Per Owen Jones, columnist del Guardian e autore di Chavs, un saggio sulla scomparsa della working class britannica, Blair è colpevole di aver proseguito l’opera di smantellamento della classe operaia iniziata dalla Thatcher durante gli anni Settanta. Il leader laburista ha cercato di trasformarla – attraverso il flusso di denaro proveniente dalla City – in una middle class sempre più ampia da cui attingere i voti necessari per i futuri successi elettorali. Un incantesimo che si è interrotto nel 2010, quando i Tories sono tornati al governo dopo tredici anni di dominio laburista. Le cause di quella sconfitta – un’ambizione smisurata che si è trasformata, nel tempo, in presunzione e che ha provocato lo scollamento tra l’élite del partito e la cosiddetta “middle England” – non sono mai state rielaborate e sono alla base delle recenti batoste elettorali. Alastair Campbell ha ammesso che alcune scelte comunicative del New Labour hanno contribuito a far germogliare i semi del malcontento popolare che ha portato a Brexit ed ha consegnato il partito nelle mani incerte di Jeremy Corbyn.
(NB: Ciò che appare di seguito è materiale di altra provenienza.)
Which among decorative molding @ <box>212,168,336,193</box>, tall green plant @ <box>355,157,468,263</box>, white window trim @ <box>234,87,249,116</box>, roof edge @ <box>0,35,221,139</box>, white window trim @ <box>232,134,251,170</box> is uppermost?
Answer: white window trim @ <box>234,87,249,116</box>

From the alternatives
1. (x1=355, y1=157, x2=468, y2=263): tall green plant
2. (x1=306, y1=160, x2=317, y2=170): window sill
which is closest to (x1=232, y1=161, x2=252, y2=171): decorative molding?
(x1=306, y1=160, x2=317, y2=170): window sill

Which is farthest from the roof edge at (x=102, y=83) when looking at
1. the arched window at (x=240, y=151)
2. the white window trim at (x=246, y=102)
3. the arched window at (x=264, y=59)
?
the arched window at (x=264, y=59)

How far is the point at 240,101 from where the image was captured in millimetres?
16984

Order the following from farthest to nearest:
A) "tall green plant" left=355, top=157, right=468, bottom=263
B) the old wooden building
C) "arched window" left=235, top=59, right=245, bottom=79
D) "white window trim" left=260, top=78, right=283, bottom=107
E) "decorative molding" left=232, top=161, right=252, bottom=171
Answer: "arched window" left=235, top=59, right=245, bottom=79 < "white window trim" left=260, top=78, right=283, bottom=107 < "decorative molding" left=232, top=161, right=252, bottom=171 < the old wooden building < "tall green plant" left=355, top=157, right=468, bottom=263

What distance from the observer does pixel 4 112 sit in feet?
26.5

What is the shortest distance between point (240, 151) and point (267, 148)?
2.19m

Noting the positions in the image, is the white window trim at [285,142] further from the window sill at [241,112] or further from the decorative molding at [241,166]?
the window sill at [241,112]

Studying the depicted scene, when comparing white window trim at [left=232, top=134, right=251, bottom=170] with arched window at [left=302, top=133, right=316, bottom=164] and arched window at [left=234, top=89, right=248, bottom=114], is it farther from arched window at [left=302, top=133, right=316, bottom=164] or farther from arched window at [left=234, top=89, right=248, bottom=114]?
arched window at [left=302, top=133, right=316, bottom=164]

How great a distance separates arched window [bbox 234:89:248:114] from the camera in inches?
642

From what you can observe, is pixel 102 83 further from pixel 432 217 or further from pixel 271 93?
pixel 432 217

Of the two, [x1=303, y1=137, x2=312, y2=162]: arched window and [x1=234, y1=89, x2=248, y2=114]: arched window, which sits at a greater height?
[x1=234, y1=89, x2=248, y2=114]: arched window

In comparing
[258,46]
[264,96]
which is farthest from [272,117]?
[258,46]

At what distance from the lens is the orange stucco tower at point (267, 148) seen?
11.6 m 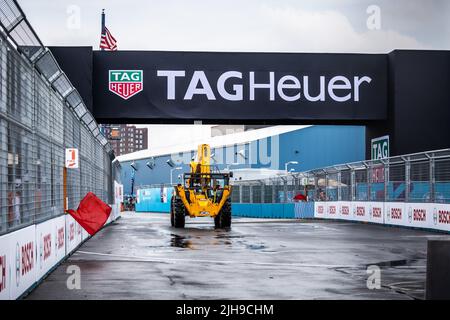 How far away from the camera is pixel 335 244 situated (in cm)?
2008

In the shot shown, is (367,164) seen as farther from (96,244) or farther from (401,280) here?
(401,280)

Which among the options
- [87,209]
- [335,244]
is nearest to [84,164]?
[87,209]

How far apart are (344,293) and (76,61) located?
22190 millimetres

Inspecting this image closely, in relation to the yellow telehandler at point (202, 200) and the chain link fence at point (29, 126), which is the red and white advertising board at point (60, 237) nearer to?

È la stessa hybris che rischia di mettere in discussione l’egemonia calcistica della Premier League, diventata terra di conquista degli oligarchi russi, dei fondi finanziari americani e degli sceicchi sauditi. La disaffezione che oggi separa l’elettorato dal partito laburista è, infatti, la stessa che sta allontanando i tifosi (soprattutto quelli delle squadre del Nord post-industriale come Manchester United, Newcastle e Sunderland) dai loro club. Nella Premier dominata dai brand globali si sta sciogliendo il legame che univa il pallone alle comunità locali, passate in secondo piano a causa dei contratti televisivi da miliardi di sterline con cui il calcio inglese viene esportato in ogni angolo del pianeta. Biglietti sempre più cari e calciatori sempre meno legati ai club di appartenenza sono lo specchio di uno sport che – come accaduto al Labour – rischia di perdere il contatto con la realtà del Paese.